Friday, September 17, 2010

Love at first sight

Jacob’s introduction to Rachel in Genesis 29 is preceded by a strange encounter with a group of shepherds. We get a detailed description of a well with a large stone covering it and then a dialogue between Jacob and the shepherds that goes on for six verses before Rachel shows up in much the same way that his mother Rebeka showed up next to a well for Abraham’s nameless servant in Genesis 24.
It is almost a doublet, which is how they refer to repeated stories in the Bible, except that instead of the girl fetching the water for the boy, this time it is the other way around. After seeming to argue with the shepherds and instructing them on how to raise their sheep, Jacob suddenly jumps up and in what would seem to be a bid to impress the pretty Rachel, moves the large stone on the well and water’s his uncle’s sheep.
He then kisses her and weeps aloud. How odd must that have been for Rachel to have a stranger kiss her and start crying? But maybe that sort of thing happened all the time back then. There certainly is a lot of rending of garments and crying throughout the Old Testament.

Jacob’s uncle Laban is more than happy to see him and after about a month offers to pay wages for the work that Jacob is apparently doing for him.
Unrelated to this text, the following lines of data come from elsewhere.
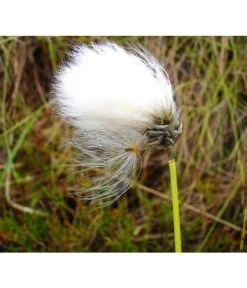 Schmalblättriges Wollgras 10 Schmalblättriges Wollgras -Pflanzenwelt Verkauf 8311383 BildFS 001 SchmalblaettrigesWollgrasEriophorumAngustifolium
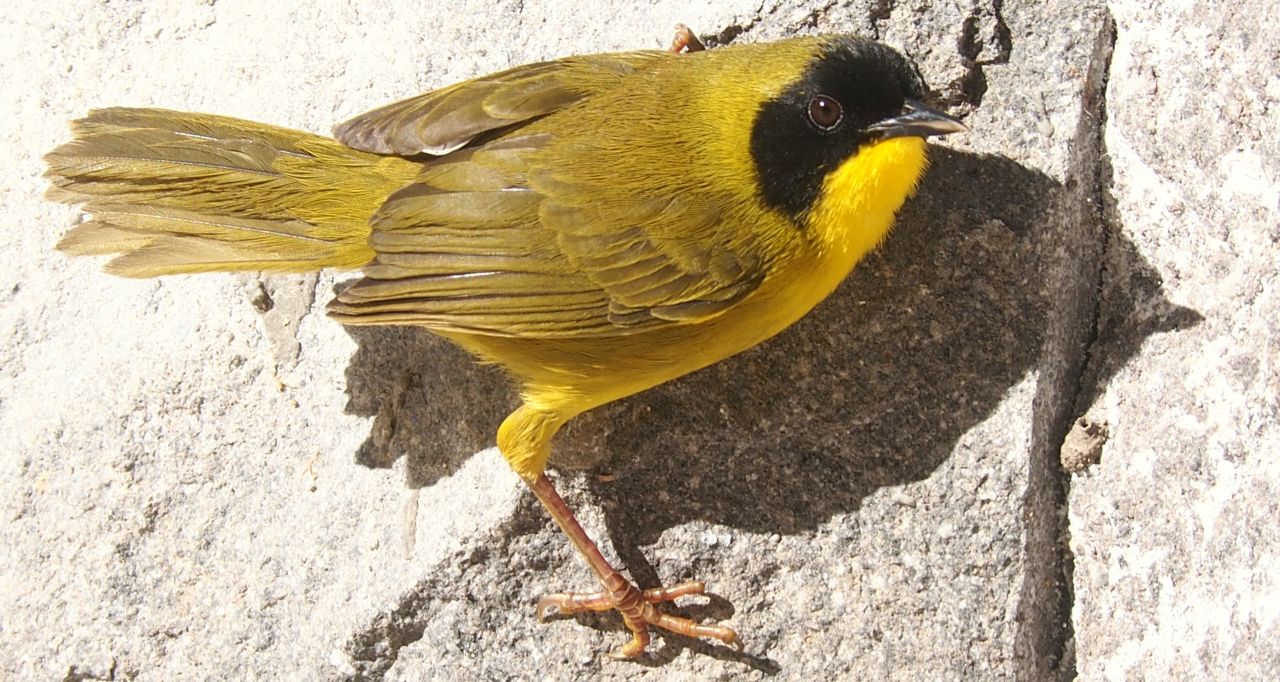 This little Olive-crowned Yellowthroat allowed an extensive photo session before resuming its day!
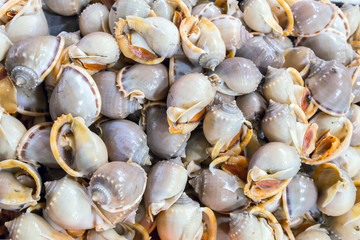 shellfish cooking seafood.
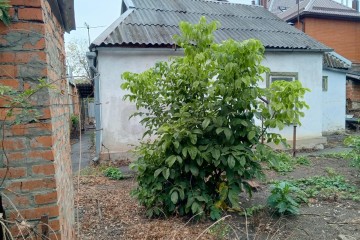 Фото №4: Дом 49 м² - Краснодар, мкр. Сельскохозяйственный Институт, ул. Академика Трубилина, 126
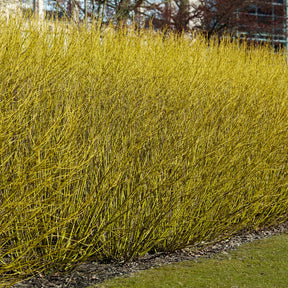 Gelbholzhartriegel Flaviramea - Cornus sericea flaviramea - Willemse
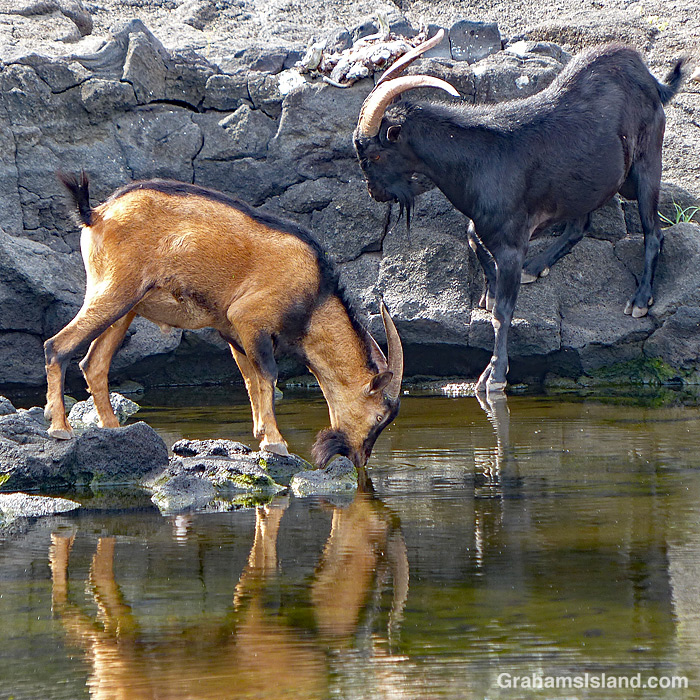Goats drink from a pond at Pu'uhonua o Hōnaunau National Historical Park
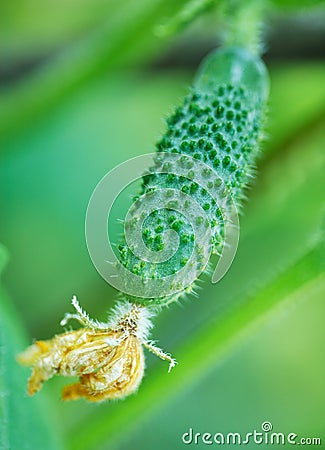 Small cucumber with a flower Stock Photo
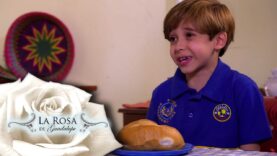 Pablo no quiere amistad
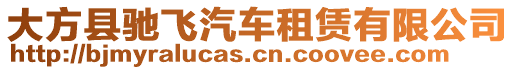 大方縣馳飛汽車租賃有限公司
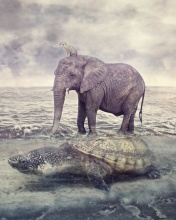 Elephant and Turtle wallpaper 176x220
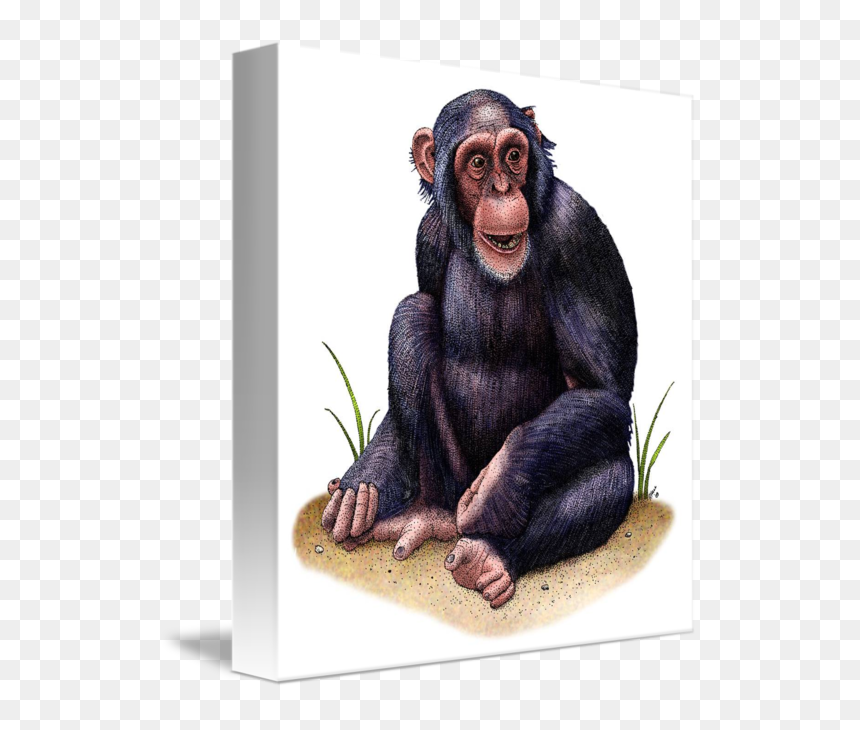 Chimpanzee Drawings, HD Png Download - chimp png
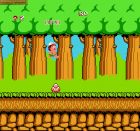 Screen - Hudson's Adventure Island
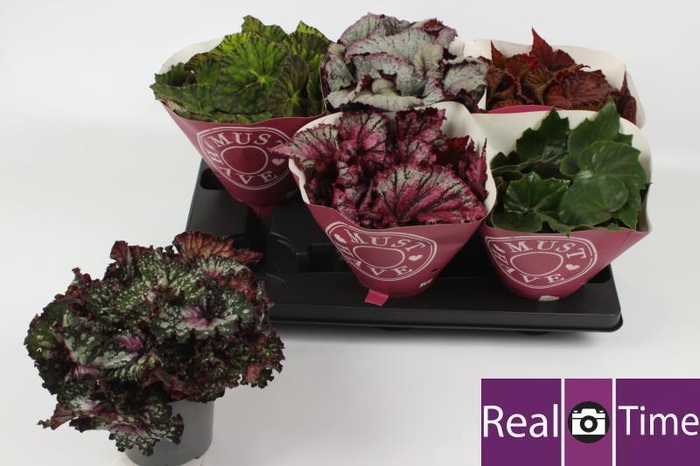 <h4>BEG BEL GEM</h4>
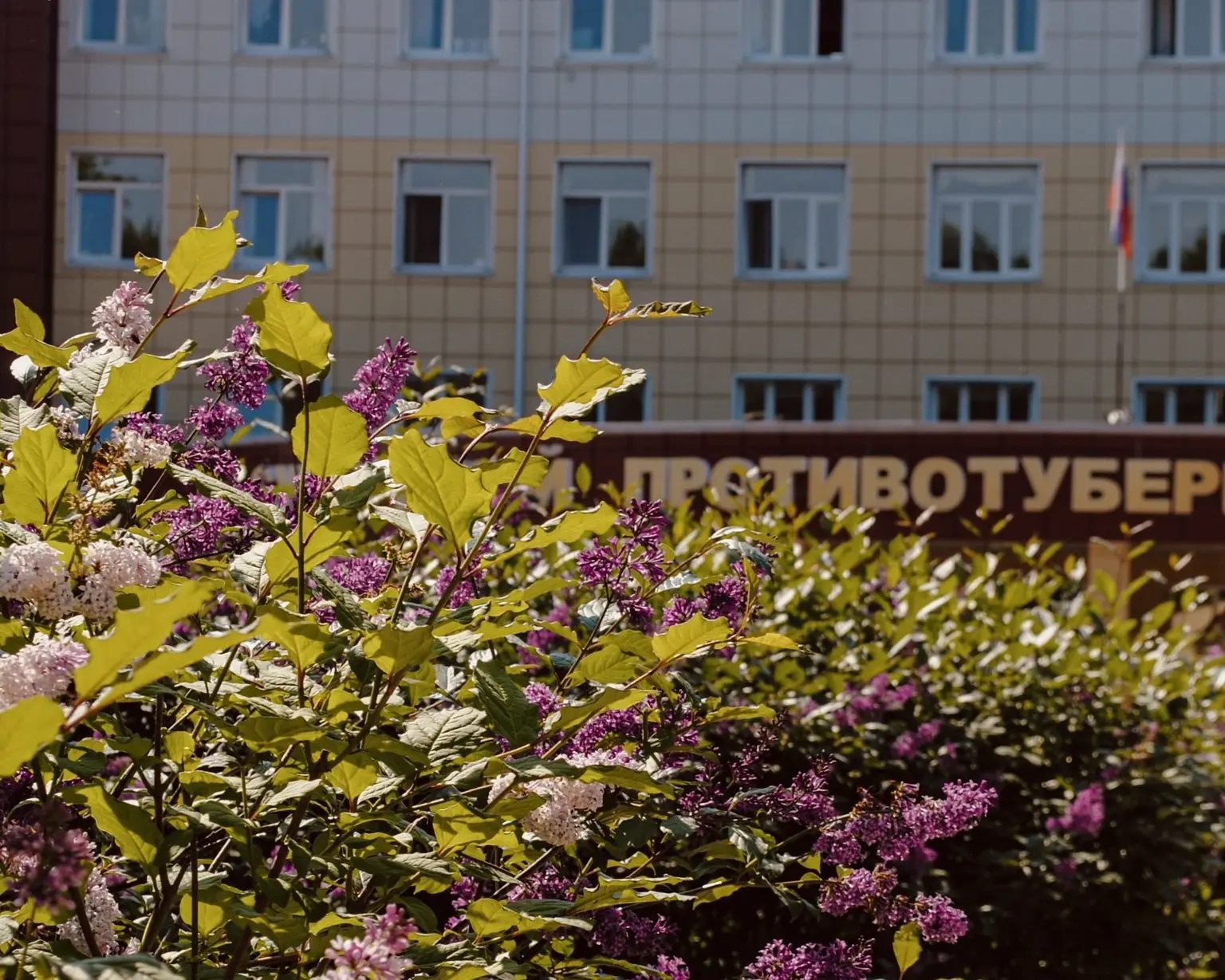 ☀️Август на территории Сургутского противотуберкулёзного диспансера: как каждый тёплый ...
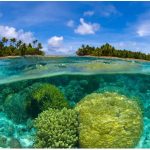 Best Travel Time and Climate for the Marshall Islands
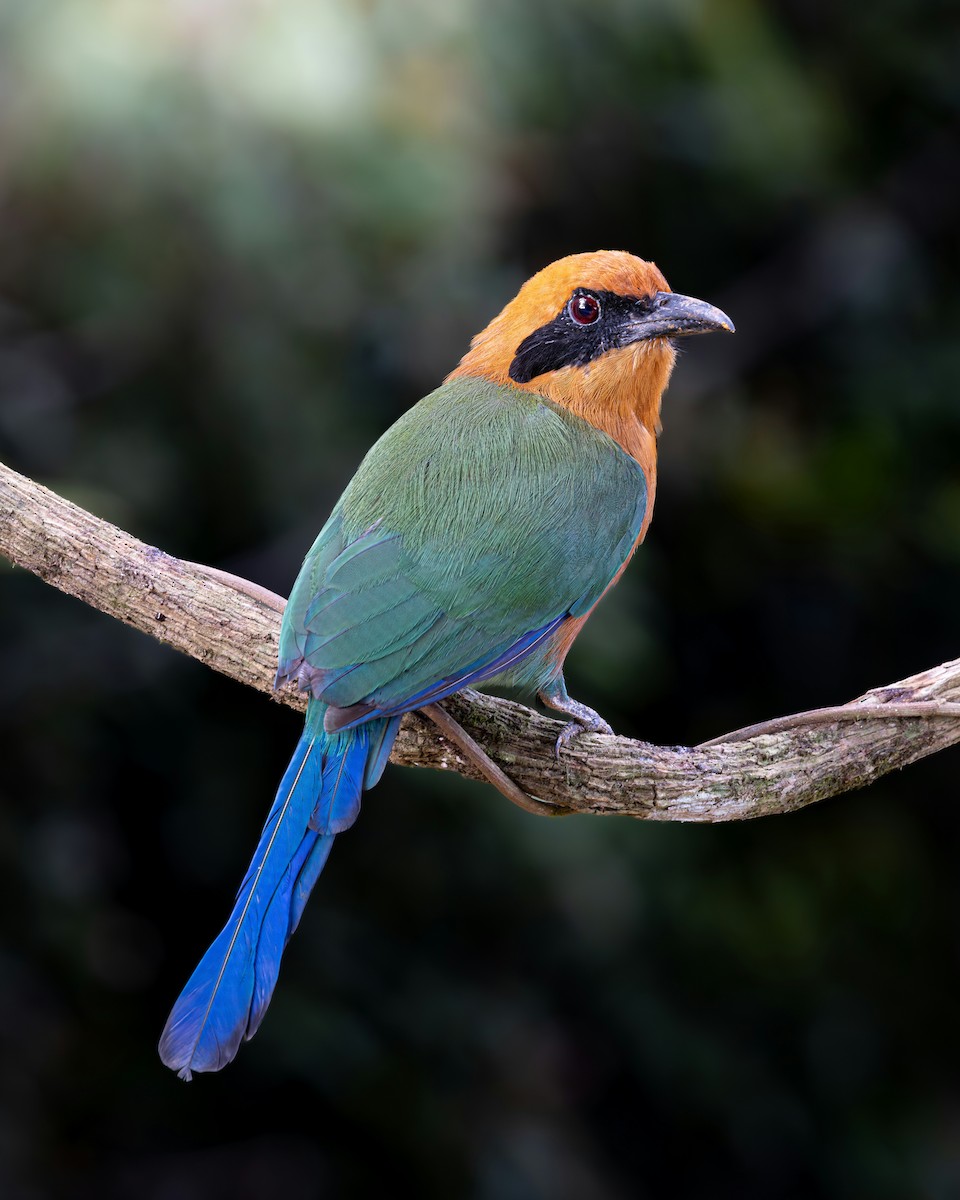 Kızıl Motmot - ML638938845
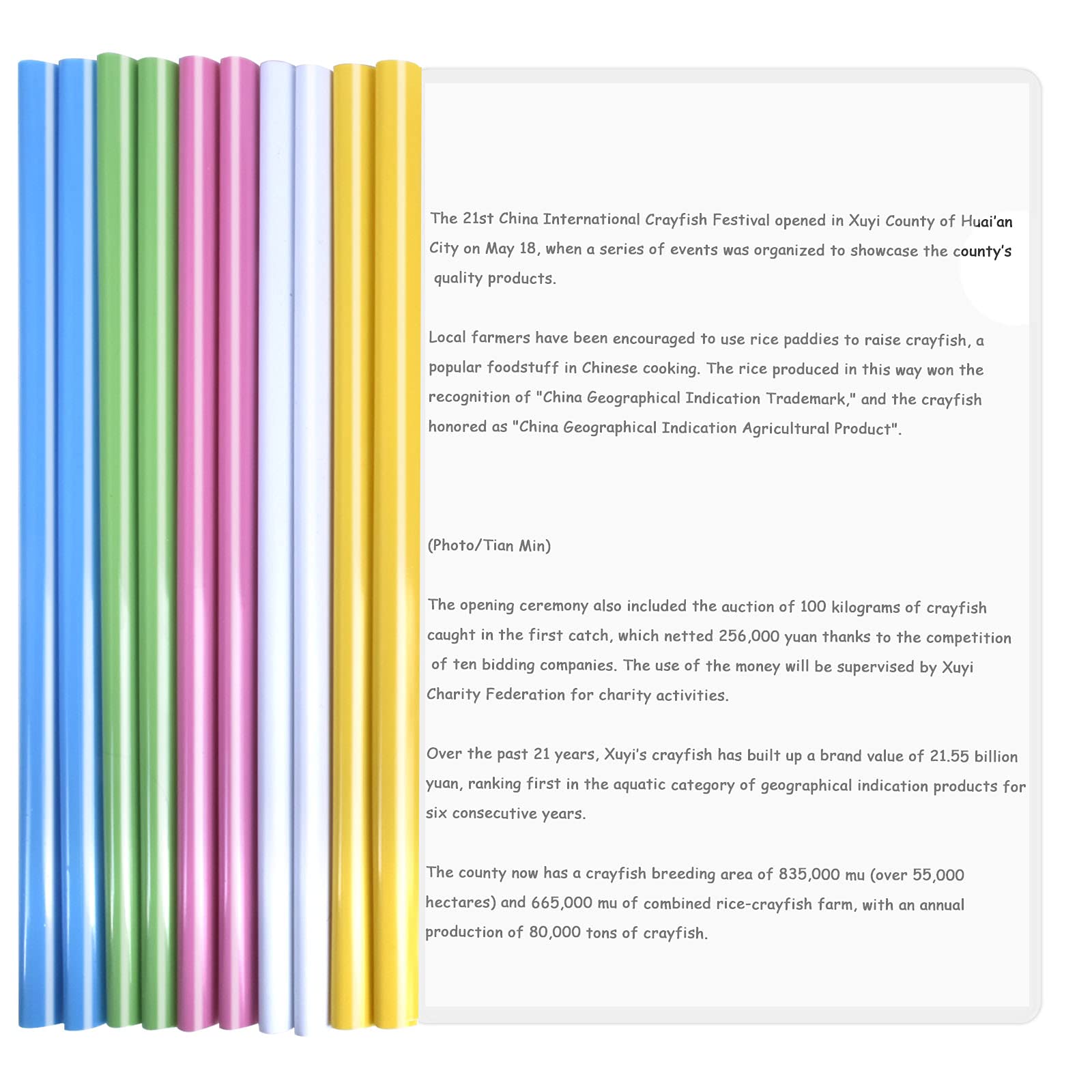 10 Pcs A4 Report Covers with Sliding Bar,Project Presentation Covers,Transparent Document Binder, Project Folders Plastic,Sliding Bar Binder for Home School Office Documents Resume Classification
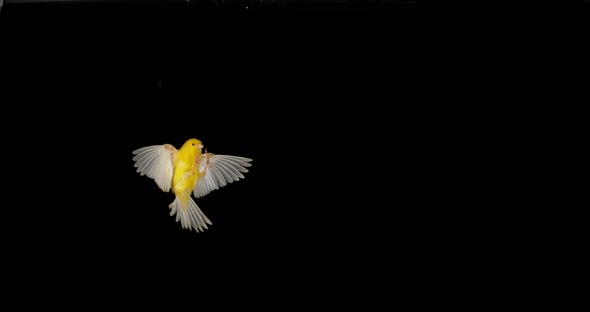 Yellow Canary, serinus canaria, Adult in flight against Black Background, Slow Motion 4K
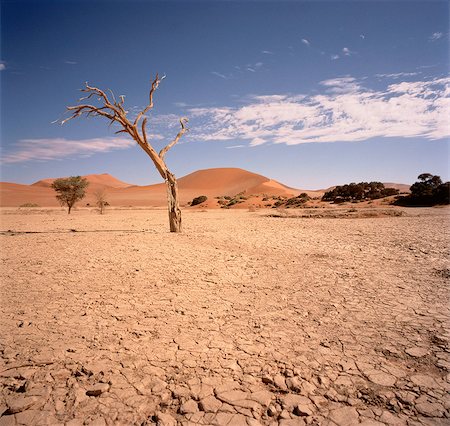 desastre natural - Desert Sossusvlei, Namib Desert Namibia Foto de stock - Con derechos protegidos, Código: 873-06440277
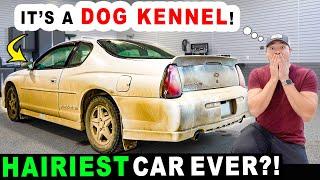 Cleaning The Most INSANELY Hairy Car!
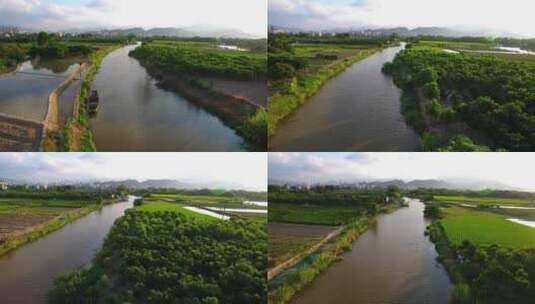 航拍闽江小岛果园茉莉花田沙洲湿地河汊白鹭高清在线视频素材下载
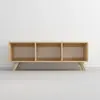 Homitis, Meuble TV, Ayden (120 x 29 x 48 cm)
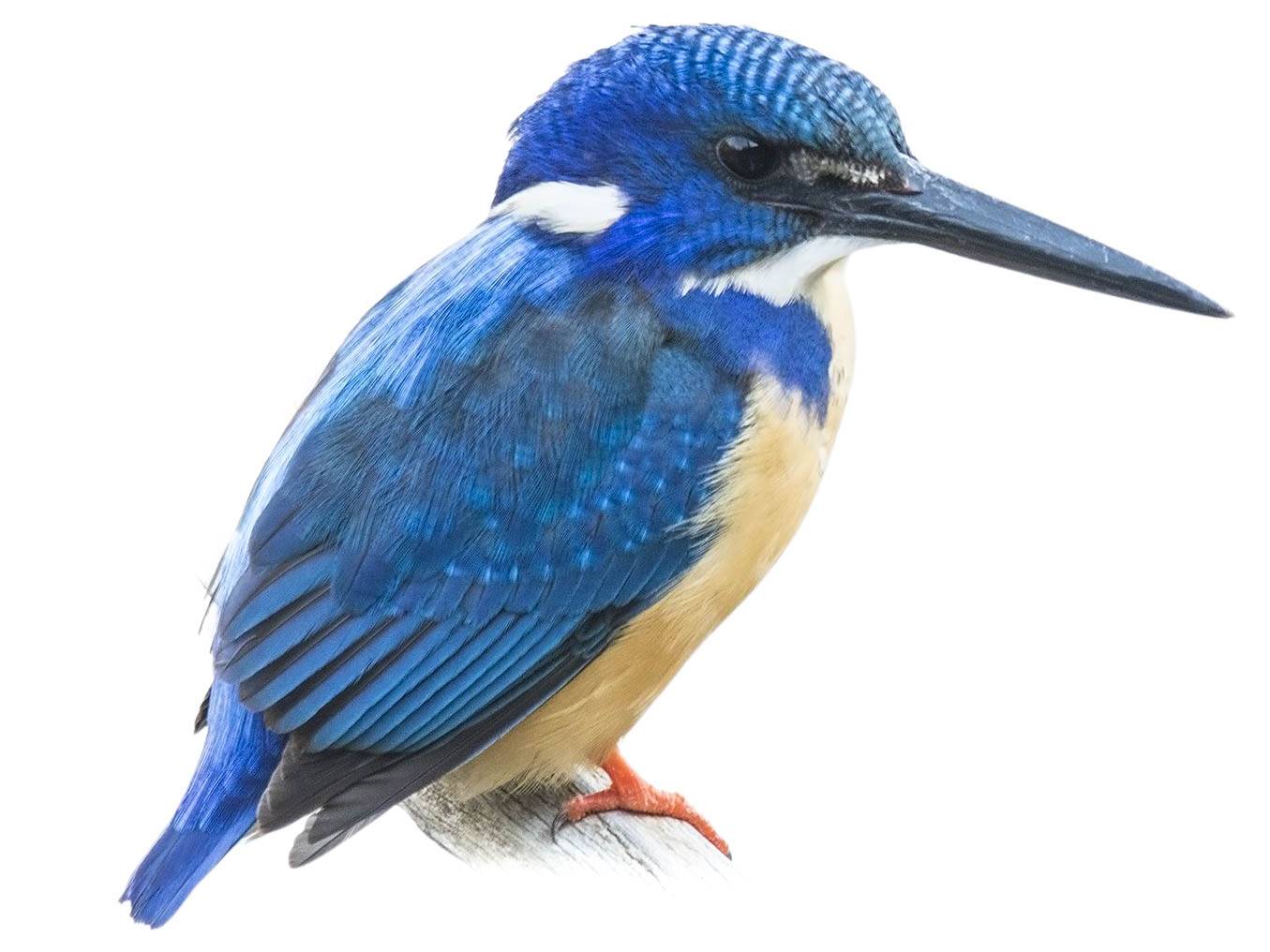 A photo of a Half-collared Kingfisher (Alcedo semitorquata)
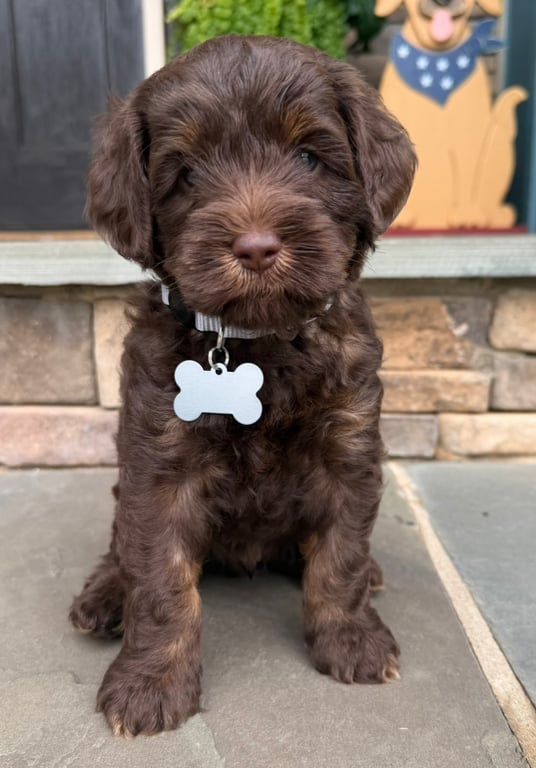 Gray Collar, an Australian Labradoodle from Tarheel Labradoodles based in Troutman, North Carolina, an Australian Labradoodle silver paw, ALAA certified breeder.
Jacob clearly wants his daughter’s hand in marriage, but rather than just saying so he promises to work seven years for his uncle first. Seven years!?! That’s a long courtship! Why not seven months or something more reasonable?
Then, after the seven years, which is said to have passed like it was just a few days because of his love for Rachel, Jacob the trickster gets a dose of his own medicine. His uncle tricks him into marrying his oldest daughter Leah, instead of Rachel. Damn those veils!!
So now, Jacob has to work seven more years for his uncle to get Rachel, but at least this time he doesn’t have to wait seven more years before he can jump in the sack with her. But now God intervenes and determines that because Jacob loves Rachel more than Leah he will allow the unloved one to have children while the other remains barren.
Leah then gives birth to four sons who will play big roles later on - Rueben, Simeon, Levi and Judah.